We've seen some snow already across much of the Midwest and a system will be going thru the Dakota's and MN in the next 24+ hours, but the real lack of a good cold draw for these systems is just scary. All the circulations and global patterns that were predicted are there but if not lined up in the right spots it will just throw everything off big time.

As such I think a scenario that is becoming likely is a pattern that see's some good temperature swings in much of the Midwest/Lakes/Ohio Valley for the Winter, and as such some of the storms will have snow and some will have rain. Snowpack may not persist in these areas for any lengthy stretches...and snowfall may come in at or below normal in many places. I'm just not feeling the calls for another big/good Winter in much of the middle of the country. Likely spots to see below normal temps more consistently...my pick would be interior New England and perhaps the Pacific NW/Northern Rockies-Northern Plains. Above Normal Precip...most likely I think again the Pacific NW to the Ohio Valley and Mid Atlantic as well. Southwest U.S. thru Texas likely to stay dry I think, although I think Oklahoma and Arkansas may be wetter than they have been.

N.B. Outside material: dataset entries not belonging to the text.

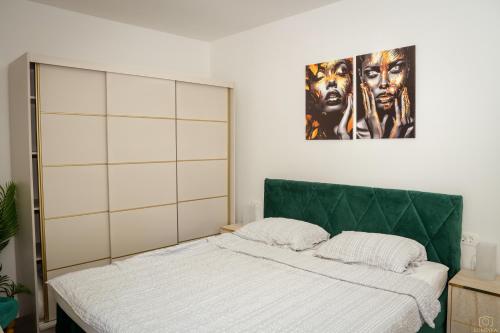 a bedroom with a bed and a poster on the wall at Island Pearl in Mali Lošinj
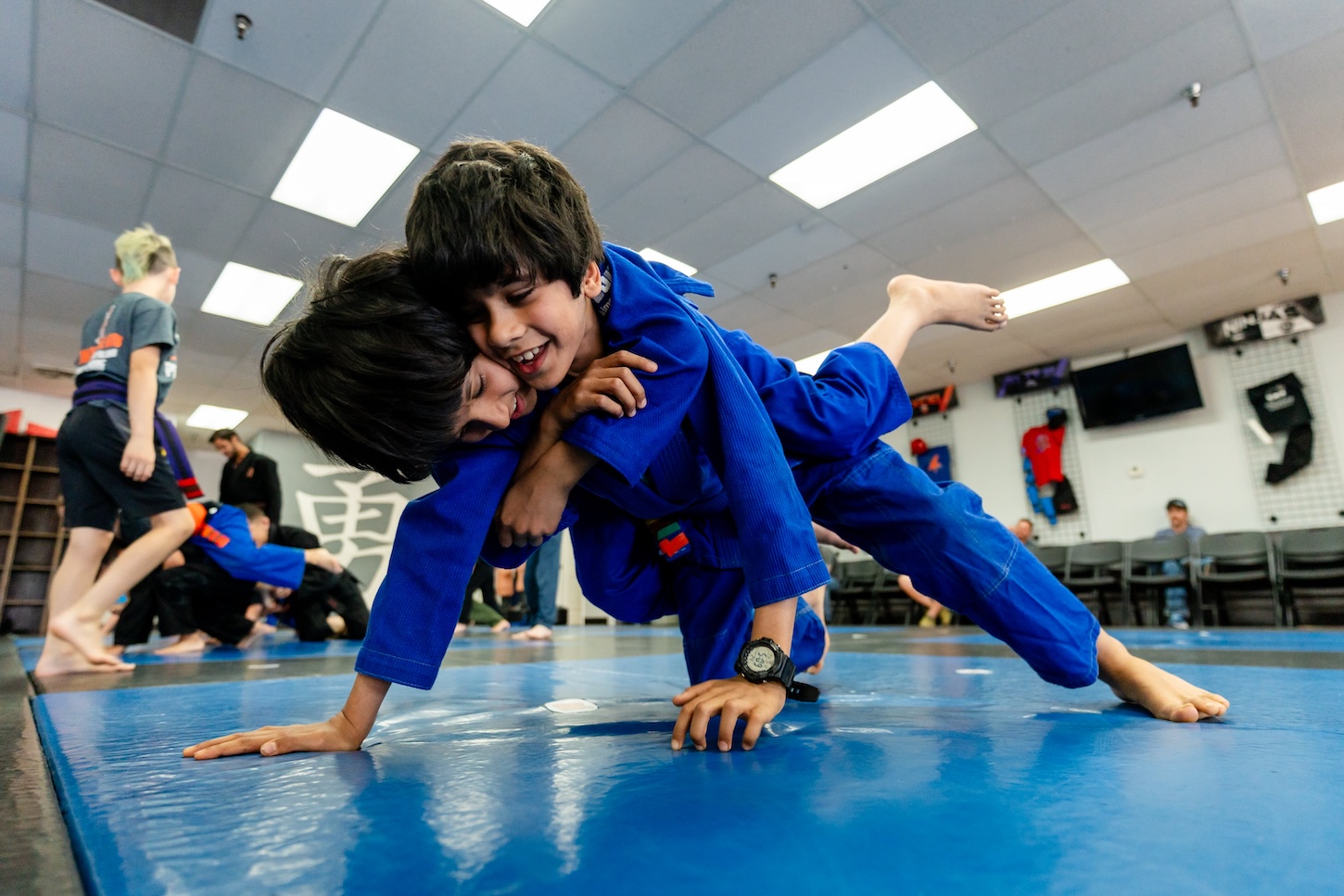 Children practicing Jiu Jitsu at Ultimate Martial Arts Fresno
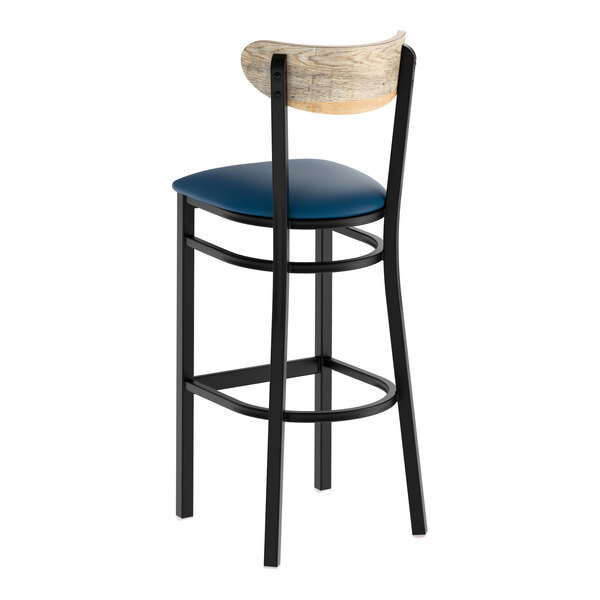 A black metal bar stool with a navy vinyl seat and a driftwood-finished wooden backrest.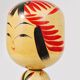 Decorative Kokeshi doll sculpture from northern Japan, hand-painted, signed.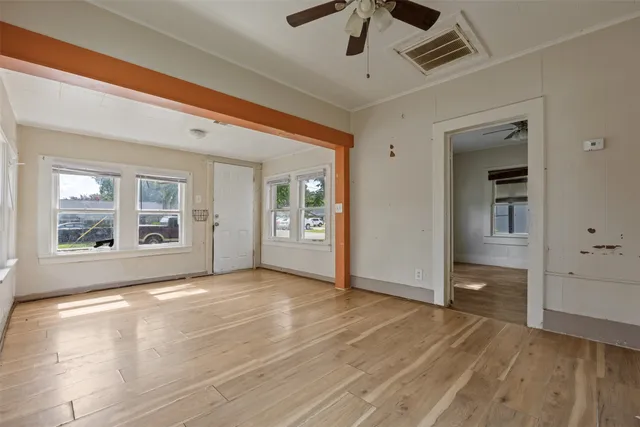a view of an empty room with wooden floor and a window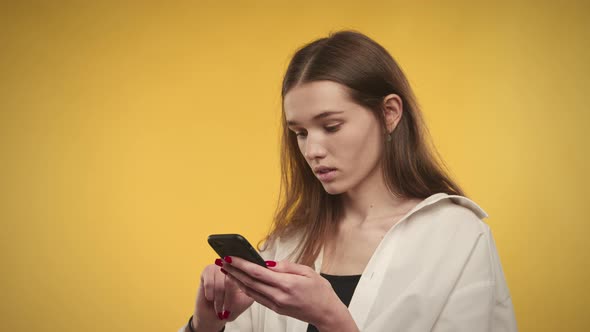 Young Adult Caucasian Woman Recieving Good News on a Bright Yellow Background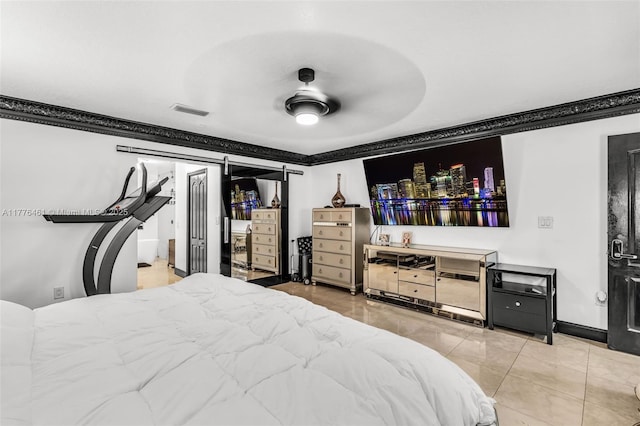 bedroom with a barn door, ornamental molding, baseboards, and visible vents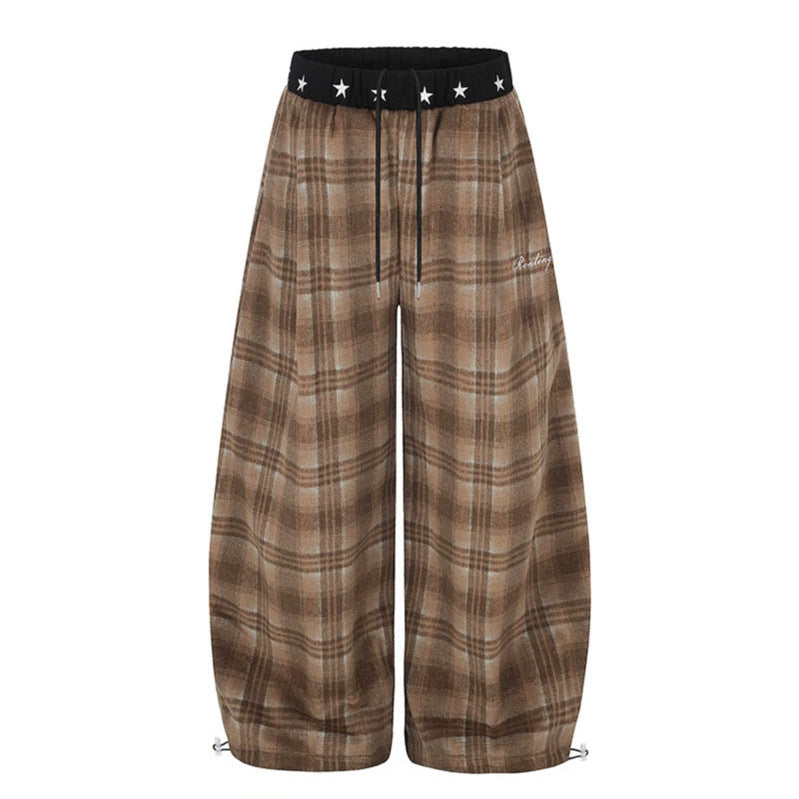 Women's Extra Wide Checked Palazzo Lounge Pants made of soft fleece with star-embellished comfort waistband, drawstring and adjustable hem.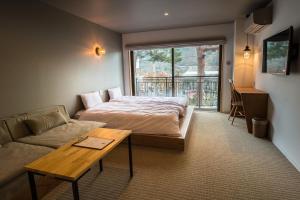 WPÜ HOTEL HAKONE客房内的一张或多张床位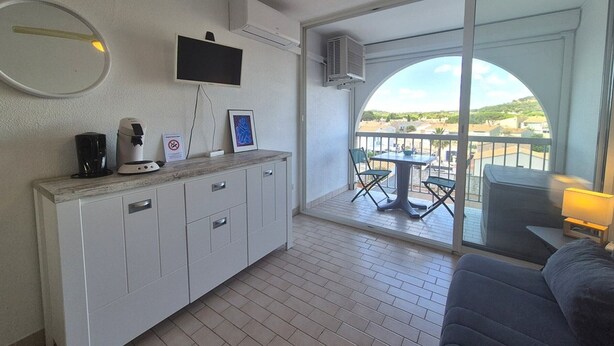 Ein Balkon mit Tisch und Stühlen, einer Couch, einem an der Wand befestigten Fernseher und einem Schrank mit einer Kaffeemaschine.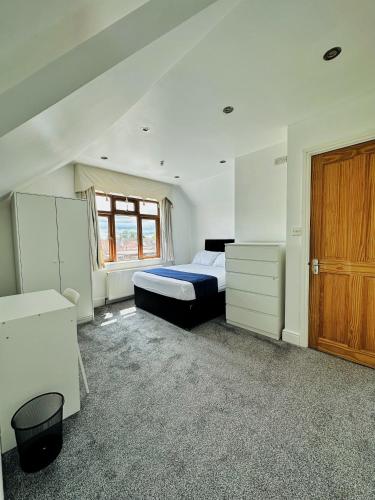 a bedroom with a bed and a wooden door at Blue rain in Hillingdon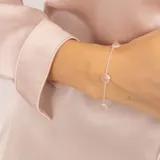 Pulsera de plata 925 con cadena de eslabones y cinco dijes circulares de cuarzo rosado.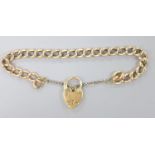 A 9ct gold curblink bracelet, with heart shaped padlock clasp, approx. 17cm, gross 9.5 grams.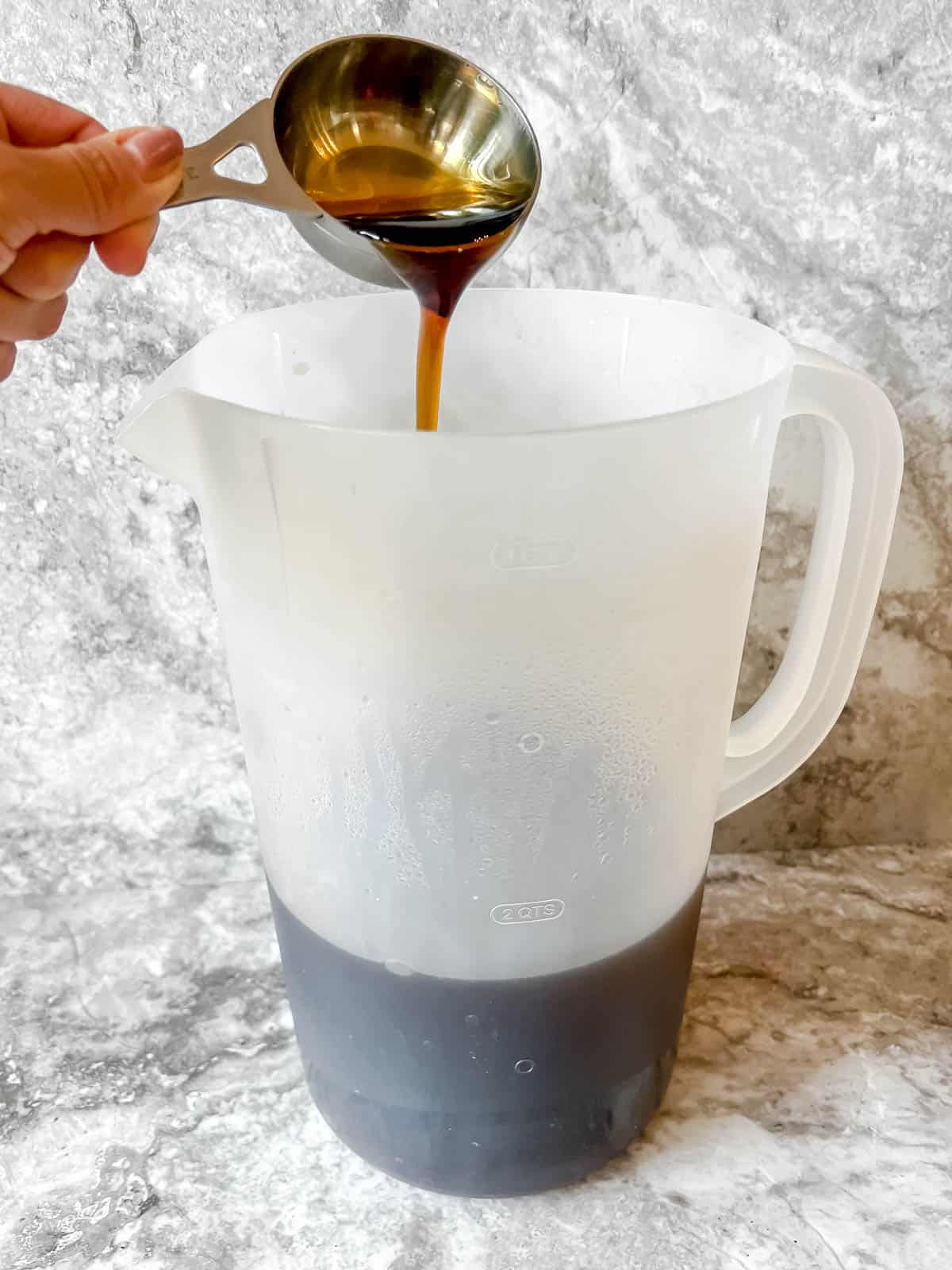 Maple syrup being added to sweet tea.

As always appreciate your thoughts,Justin. Although we know they will not necessarily be popular . It will be interesting to see how the next two weeks play out as many in favor of a strong midwest winter are hinting at a pattern change. And of course this would be consistent with what has occurred in the previous four winters. Should we not get that dramatic change by early December it will be interesting to see how the rest of it plays out. Thanks, again.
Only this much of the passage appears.